Q&A With Derrick
With extensive experience working within the edible garden at Wynyard Hall and the Glass House, Derrick chats to us about what it means to him to provide a sustainable, plot to plate dining experience alongside Head Chef, Kleo Tabaku using seasonal produce.
How do you partake in and maintain sustainable practices within the edible garden?
There are many practices and ideas I like to follow to promote sustainability in the garden. One of my favourite practices is to grow lots of flowers amongst the vegetables in the garden, which helps to promote biodiversity in the garden. All the colours and smells attract beneficial insects to visit the garden, as well as providing pollen for bees. These beneficial insects also attract birds to the garden, who will hopefully eat some of the bugs that want to eat our vegetables!
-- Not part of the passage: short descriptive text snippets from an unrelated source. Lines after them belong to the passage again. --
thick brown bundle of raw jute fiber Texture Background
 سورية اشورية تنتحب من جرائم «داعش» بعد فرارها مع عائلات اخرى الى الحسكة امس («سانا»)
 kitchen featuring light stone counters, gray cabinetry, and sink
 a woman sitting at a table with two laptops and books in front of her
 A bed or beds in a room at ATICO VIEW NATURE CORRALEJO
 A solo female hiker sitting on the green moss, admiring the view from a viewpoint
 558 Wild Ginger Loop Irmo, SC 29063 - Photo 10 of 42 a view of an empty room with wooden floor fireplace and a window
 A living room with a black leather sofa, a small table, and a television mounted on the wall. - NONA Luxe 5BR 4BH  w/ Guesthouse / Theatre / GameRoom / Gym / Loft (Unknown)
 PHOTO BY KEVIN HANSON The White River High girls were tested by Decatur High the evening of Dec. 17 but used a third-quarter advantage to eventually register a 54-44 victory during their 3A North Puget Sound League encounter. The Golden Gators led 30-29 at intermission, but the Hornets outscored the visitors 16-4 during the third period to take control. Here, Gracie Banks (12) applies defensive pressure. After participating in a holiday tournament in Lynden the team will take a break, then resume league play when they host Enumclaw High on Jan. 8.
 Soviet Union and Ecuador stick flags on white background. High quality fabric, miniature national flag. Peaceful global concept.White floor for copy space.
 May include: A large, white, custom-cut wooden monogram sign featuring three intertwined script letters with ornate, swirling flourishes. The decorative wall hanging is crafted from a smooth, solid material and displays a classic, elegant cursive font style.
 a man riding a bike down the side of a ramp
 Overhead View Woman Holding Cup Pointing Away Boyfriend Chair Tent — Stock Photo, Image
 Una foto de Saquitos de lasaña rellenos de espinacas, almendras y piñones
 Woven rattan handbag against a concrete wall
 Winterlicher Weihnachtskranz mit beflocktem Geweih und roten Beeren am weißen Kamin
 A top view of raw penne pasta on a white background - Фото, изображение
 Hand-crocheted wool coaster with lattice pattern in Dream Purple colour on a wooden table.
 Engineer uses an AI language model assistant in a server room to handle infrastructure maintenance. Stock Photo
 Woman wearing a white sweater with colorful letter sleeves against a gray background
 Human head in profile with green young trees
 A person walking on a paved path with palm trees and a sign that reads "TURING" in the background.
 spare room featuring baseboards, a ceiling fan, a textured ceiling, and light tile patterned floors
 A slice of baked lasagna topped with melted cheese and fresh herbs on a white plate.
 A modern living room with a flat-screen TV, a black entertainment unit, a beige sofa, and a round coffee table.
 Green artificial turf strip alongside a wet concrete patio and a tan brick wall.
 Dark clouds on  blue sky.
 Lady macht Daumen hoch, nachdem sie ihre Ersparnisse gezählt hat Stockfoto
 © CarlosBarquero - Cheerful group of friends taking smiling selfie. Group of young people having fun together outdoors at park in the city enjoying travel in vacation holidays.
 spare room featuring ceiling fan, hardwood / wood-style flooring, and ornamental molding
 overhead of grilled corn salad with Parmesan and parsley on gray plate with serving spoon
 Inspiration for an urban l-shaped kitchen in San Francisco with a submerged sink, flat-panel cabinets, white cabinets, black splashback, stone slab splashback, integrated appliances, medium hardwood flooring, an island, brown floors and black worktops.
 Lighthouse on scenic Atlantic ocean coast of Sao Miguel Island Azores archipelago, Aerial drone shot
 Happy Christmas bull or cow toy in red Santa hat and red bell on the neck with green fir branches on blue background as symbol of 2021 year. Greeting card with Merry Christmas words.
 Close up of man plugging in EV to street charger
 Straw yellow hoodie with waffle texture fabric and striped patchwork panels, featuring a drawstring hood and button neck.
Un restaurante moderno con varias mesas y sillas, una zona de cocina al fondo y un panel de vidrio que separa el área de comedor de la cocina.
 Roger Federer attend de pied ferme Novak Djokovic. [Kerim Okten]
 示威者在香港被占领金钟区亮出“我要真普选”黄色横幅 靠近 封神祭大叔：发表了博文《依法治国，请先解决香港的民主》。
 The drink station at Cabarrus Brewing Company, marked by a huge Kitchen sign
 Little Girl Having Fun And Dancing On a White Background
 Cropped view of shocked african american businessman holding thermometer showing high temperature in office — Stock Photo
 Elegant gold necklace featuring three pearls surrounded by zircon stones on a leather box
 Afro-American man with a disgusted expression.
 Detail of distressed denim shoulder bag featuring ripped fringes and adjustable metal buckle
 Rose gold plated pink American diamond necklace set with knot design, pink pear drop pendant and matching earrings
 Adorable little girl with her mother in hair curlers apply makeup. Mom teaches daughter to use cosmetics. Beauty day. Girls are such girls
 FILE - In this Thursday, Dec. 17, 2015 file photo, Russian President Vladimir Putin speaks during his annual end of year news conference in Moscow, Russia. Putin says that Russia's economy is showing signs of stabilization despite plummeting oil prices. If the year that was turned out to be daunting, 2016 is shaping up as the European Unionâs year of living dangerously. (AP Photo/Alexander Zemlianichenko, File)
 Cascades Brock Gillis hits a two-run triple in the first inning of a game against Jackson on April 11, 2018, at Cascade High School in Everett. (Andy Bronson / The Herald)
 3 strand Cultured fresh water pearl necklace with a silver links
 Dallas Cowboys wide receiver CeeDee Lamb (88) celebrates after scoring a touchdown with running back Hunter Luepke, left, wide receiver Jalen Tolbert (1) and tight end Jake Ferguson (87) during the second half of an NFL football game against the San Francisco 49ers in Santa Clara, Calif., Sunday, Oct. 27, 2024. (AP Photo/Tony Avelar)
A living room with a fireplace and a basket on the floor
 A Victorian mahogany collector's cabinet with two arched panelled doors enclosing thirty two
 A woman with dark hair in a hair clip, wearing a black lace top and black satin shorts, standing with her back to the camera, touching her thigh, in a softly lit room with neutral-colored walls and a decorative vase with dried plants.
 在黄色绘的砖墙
A lot of the flowers I plant are also edible, which make a nice garnish for the dishes in The Glasshouse. Simple practices that provide multiple benefits are always a big thumbs up from me!
What are the biggest seasonal challenges that you face when gardening throughout the year?
Each year is very different, so learning to adapt to the changing conditions we face is one of the biggest challenges. Some summers can bring drought like conditions, whilst over summers can be a washout! Likewise in the winter, if it’s very wet throughout, it can make working with the soil very challenging in the spring. When the soil is too wet, trying to cultivate and plant out can compact the soil, which can be detrimental for the following years. Luckily during this winter we had a nice dry spell, so I was able to spread farm yard manure in the garden to feed the soil, as well as incorporate it into the soil, so I am one step ahead for this coming spring. Other years this may not have been possible, meaning planting will be a bit later than I would like. Even when everything goes well, it is never quite perfect for a gardener!
How do you feel about seeing the life cycle of the produce you grow? from a seed to a dinner plate
This is one of the most rewarding parts of growing produce, which I think everyone who grows their own produce can relate to. It is also something that I hope the edible garden at Wynyard can inspire others to do, because it is so rewarding and fulfilling! It is such a journey, and sometimes a battle, to get to the point of harvesting and eating produce. Preparing and feeding vibrant soils, nurturing a tiny seed into a strong seedling, planting out into open soil, watering, protecting from pests and months later, the moment when you can finally harvest homegrown, super fresh and nutritious produce with zero food miles! If anyone is considering growing their own, please try it! If you have any questions, I’ll be in the edible garden!
How do you make sure that the produce in the edible garden will be ready when the menus change?
I think this is something that Kleo and I work together with, to develop a plan for what the garden can grow, and what the restaurant needs. The seasons can be very variable, crops can be late or early. But that is the beauty of having an edible garden with a restaurant on the doorstep, the chefs can see what is available, I can speak with the chefs every day, and we can adapt and change very quickly if we need to. Even if one crop isn’t ready as expected, we grow a wide variety of fruits, vegetables and flowers, so there will more or less always be something available!
What are your main responsibilities as a gardener for a restaurant?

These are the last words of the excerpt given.